THE PROBLEM: Below are the records; repeat exactly their lines between the line holding "In this photo" and the line holding "Man surfing in sea against clear sky", inclusive, skipping the pictures.

SUPPLIED DATA:
○ ○ ○ ○

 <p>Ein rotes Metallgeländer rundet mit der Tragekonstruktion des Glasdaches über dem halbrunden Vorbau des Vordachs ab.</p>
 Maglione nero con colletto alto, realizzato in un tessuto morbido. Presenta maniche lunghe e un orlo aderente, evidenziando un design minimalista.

○ ○ ○ ○

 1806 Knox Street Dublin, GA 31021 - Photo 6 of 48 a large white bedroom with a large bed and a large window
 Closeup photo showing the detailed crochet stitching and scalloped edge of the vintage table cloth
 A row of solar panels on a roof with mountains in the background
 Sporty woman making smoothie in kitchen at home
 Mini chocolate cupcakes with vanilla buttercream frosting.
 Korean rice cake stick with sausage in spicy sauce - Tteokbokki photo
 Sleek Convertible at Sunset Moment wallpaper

○ ○ ○ ○

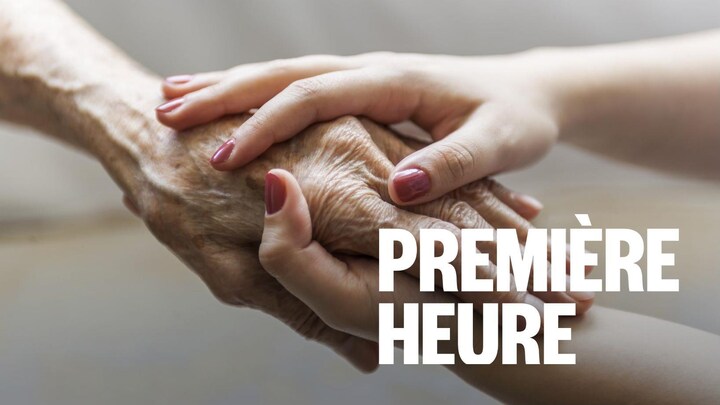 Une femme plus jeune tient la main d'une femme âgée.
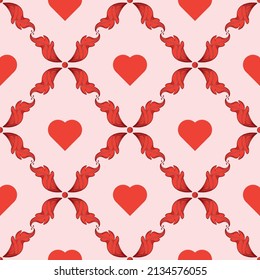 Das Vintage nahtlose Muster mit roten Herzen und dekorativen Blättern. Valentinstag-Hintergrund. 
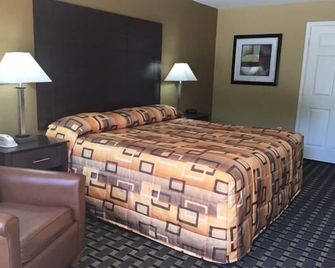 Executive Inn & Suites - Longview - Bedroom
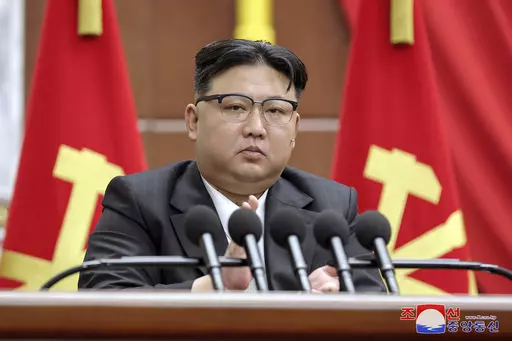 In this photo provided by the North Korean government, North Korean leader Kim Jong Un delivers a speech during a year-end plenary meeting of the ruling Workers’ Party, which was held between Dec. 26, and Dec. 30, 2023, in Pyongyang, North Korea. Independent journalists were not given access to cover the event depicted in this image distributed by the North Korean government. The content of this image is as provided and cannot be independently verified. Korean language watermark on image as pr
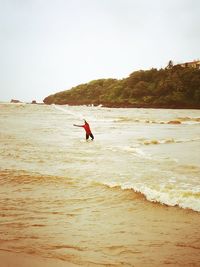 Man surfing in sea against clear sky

○ ○ ○ ○

WORKED SOLUTION:
 In this photo provided by the North Korean government, North Korean leader Kim Jong Un delivers a speech during a year-end plenary meeting of the ruling Workers’ Party, which was held between Dec. 26, and Dec. 30, 2023, in Pyongyang, North Korea. Independent journalists were not given access to cover the event depicted in this image distributed by the North Korean government. The content of this image is as provided and cannot be independently verified. Korean language watermark on image as pr
 Man surfing in sea against clear sky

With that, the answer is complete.